By now, filmmakers and game designers have jump-scares down to a science. All it takes to really startle an audience is a combination of unsettling music, a protagonist or avatar creeping up on something they probably shouldn’t approach, and a big blare of sound and something moving rapidly at the screen. The formula works just about every time, to the point where a painfully clunky horror movie like Rings can get away with startling audiences just by having an umbrella open up on-screen really, really loudly.

But good horror — the kind that gets in under the skin and really sticks with you over time — usually has a psychological element, some kind of hook that plays to real, personal fears. The best horror is intelligently constructed, enough to keep viewers unnerved even after the adrenaline blast wears off. We asked The Verge’s staff to consider some of the smartest, best-constructed media that really scared them at some point in their lives. Here’s what they came up with.

Tasha Robinson, film / TV editor: I’ve gotten really impatient with movies like Drag Me To Hell or the Final Destination series, where characters accidentally blunder into a punishing situation they can’t escape, no matter what they do. If they don’t have any options at all, what’s the point of watching them struggle painfully for a couple hours? That’s why one of the scariest movies I’ve ever seen, the one that sticks with me most, is J.A. Bayona’s The Orphanage. It starts out looking like a standard haunted house thriller with the lead character visiting the orphanage where she grew up and finding it haunted by a creepy little apparition that tells her young son horrible things, and pulls terrible pranks. But before long, she’s making the active choice to not only stay at the orphanage, but to explore it and engage with the potentially malevolent spirits there.

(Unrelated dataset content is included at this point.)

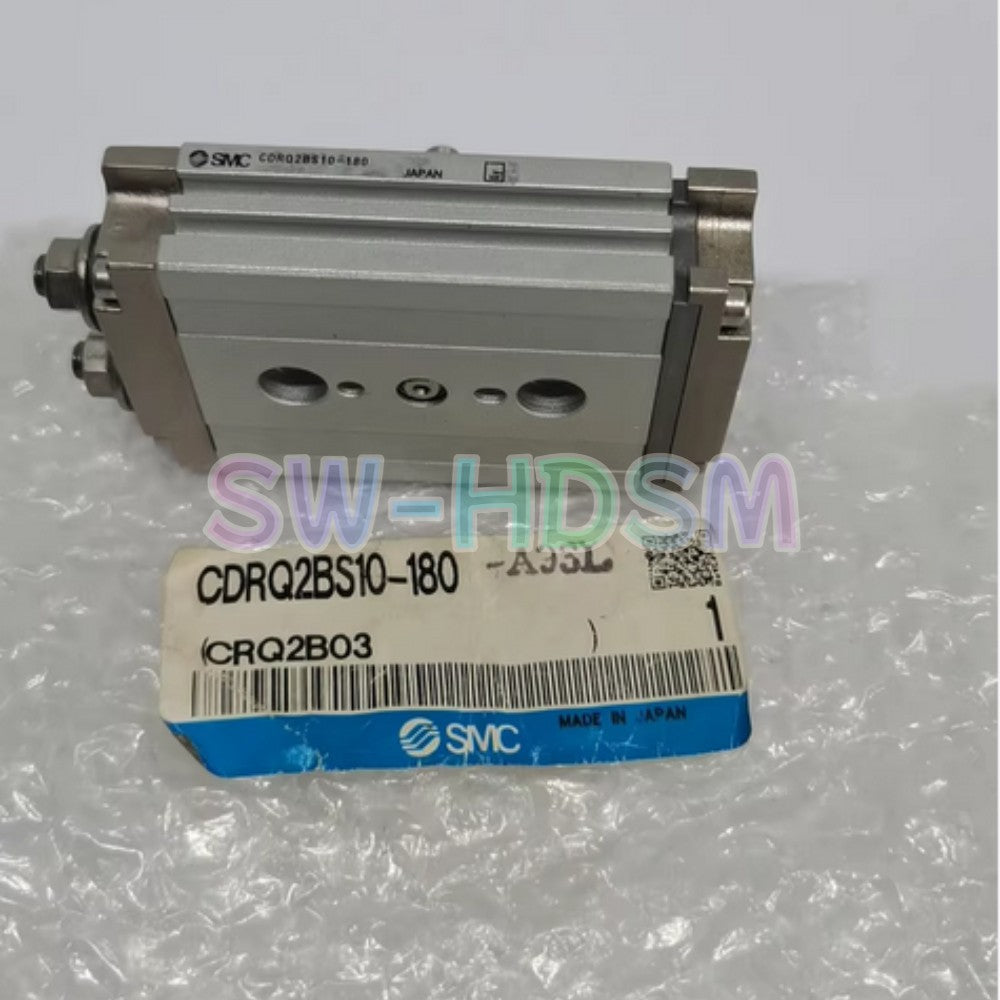 1PCS  for SMC Cylinder CDRQ2BS10-180 Freight Free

The way she bravely puts herself into terrible situations on her son’s behalf makes her admirable, but it also endlessly ratchets up the tension because the audience knows she could just fold and run. Instead, she keeps escalating the situation far past most people’s breaking point.

Andrew Liptak, weekend editor: I recently re-read Cixin Liu’s Three-Body Problem series, a space opera about humanity’s first contact with aliens, and how it goes badly. He introduces a concept known as the “Dark Forest” theory, arguing that alien civilizations have no way of knowing whether any other alien civilization is hostile, so the best course of action for survival purposes is to destroy any potential adversary as soon as possible. Over the course of the trilogy, Liu demonstrates this in a chilling fashion: one star system is destroyed in an experiment.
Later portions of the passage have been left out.